A la suite de la Seconde Guerre mondiale, la communauté internationale adopte une stratégie antiraciste proactive, fondée sur la réaffirmation du principe fondamental d’égalité sans distinction de race ou d’origine ethnique. En parallèle, la réfutation des théories pseudo-scientifiques de la race conduit à une disqualification générale de la catégorie de race pour décrire les populations humaines. Cette disqualification ne signifie toutefois pas que la notion de race cesse d’être utilisée.
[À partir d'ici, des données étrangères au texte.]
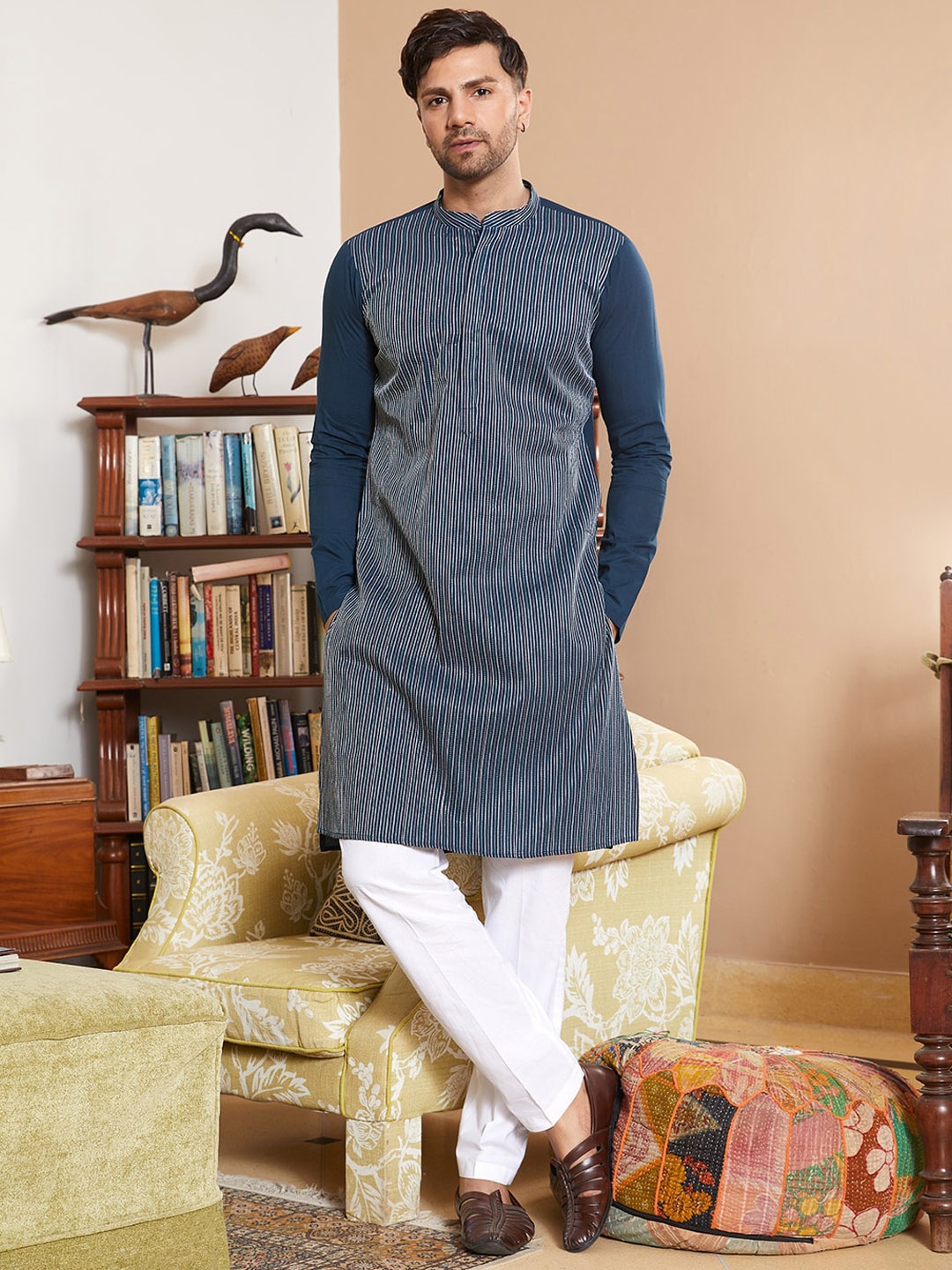 

See Designs Thread Work Gold Chanderi Silk Sequins Kurta, Teal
Alors que la plupart des nations européennes s’accordent pour considérer la race et l’ethnicité comme des idées fallacieuses responsables du racisme, certaines d’entre elles continuent d’utiliser ce type de catégorisations dans leurs empires coloniaux, et un nombre non négligeable d’Etats à travers le monde continuent de recourir à des catégories ethniques et raciales comme outils de description ordinaires de leurs populations. Ces compréhensions contrastées et contradictoires du concept de race se retrouvent dans les modalités des politiques antidiscriminatoires mises en oeuvre :
- d’un côté, les stratégies "color-blind" considèrent que la race et l’ethnicité ne doivent absolument pas être prises en compte pour atteindre un objectif d’égalité;
- de l’autre, les politiques "race-conscious" s’appuient sur l’idée que l’éradication du racisme et de la discrimination nécessite un suivi des groupes racialisés.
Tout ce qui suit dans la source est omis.